Update hpc script

src/hpc/contact_process_stat_exc.py

@@ -1,11 +1,10 @@
 """
 Do static simulations for first excited state
 """
-
 import logging
 import numpy as np
+import sys
 import time
-from datetime import datetime
 
 import scikit_tt.tensor_train as tt
 from scikit_tt.solvers.evp import als
@@ -15,114 +14,124 @@
                                  compute_site_expVal, compute_expVal, compute_entanglement_spectrum,
                                  construct_basis_mps, compute_overlap)
 
-logger = logging.getLogger(__name__)
-log_filename = datetime.now().strftime("%Y-%m-%d_%H-%M-%S.log")
-logging.basicConfig(filename="/scratch/nguyed99/qcp-1d/logging/" + log_filename, level=logging.INFO)
-
-# path for results
-PATH = "/scratch/nguyed99/qcp-1d/results/"
+OUTPUT_PATH = "/scratch/nguyed99/qcp-1d/results/"
+LOG_PATH = "/scratch/nguyed99/qcp-1d/logging/"
 
 # system parameters
 L = 50
 d = 2
-OMEGAS = np.linspace(0.5, 10, 10)
 
 # TN algorithm parameters
-bond_dims = np.array([50, 70])
+bond_dims = np.array([35, 50])
 conv_eps = 1e-6
 
-### Stationary simulation
-logger.info("Stationary simulation")
-eval_0 = np.zeros((bond_dims.shape[0], OMEGAS.shape[0]))
-eval_1 = np.zeros((bond_dims.shape[0], OMEGAS.shape[0]))
-evp_residual = np.zeros((bond_dims.shape[0], OMEGAS.shape[0]))

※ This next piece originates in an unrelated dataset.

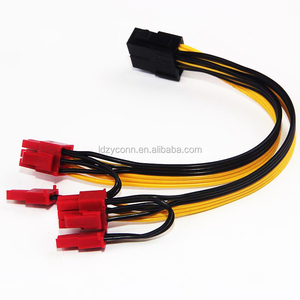 Optimize Your Workspace with Essential 6 pin pcie power connector Solutions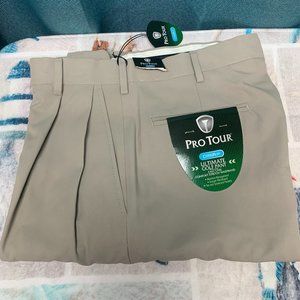 Men's Tan Chinos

-spectral_gaps = np.zeros(len(OMEGAS))
-n_s = np.zeros((bond_dims.shape[0], OMEGAS.shape[0]))
-entanglement_spectrum = np.zeros((OMEGAS.shape[0], bond_dims[-1] * d**2))  # d² * bond_dim
-purities = np.zeros(len(OMEGAS))
-correlations = np.zeros((len(OMEGAS), L - 1))
-dens_dens_corr = np.zeros((len(OMEGAS), L - 1))
-
 ### observable operator
 number_op = np.array([[0, 0], [0, 1]])
 number_op.reshape((1, 2, 2, 1))
 number_mpo = [None]
 number_mpo = tt.TT(number_op)
 
-for i, OMEGA in enumerate(OMEGAS):
-    for j, bond_dim in enumerate(bond_dims):
-        logger.info(f"Run ALS for {L=}, {OMEGA=} and {bond_dim=}")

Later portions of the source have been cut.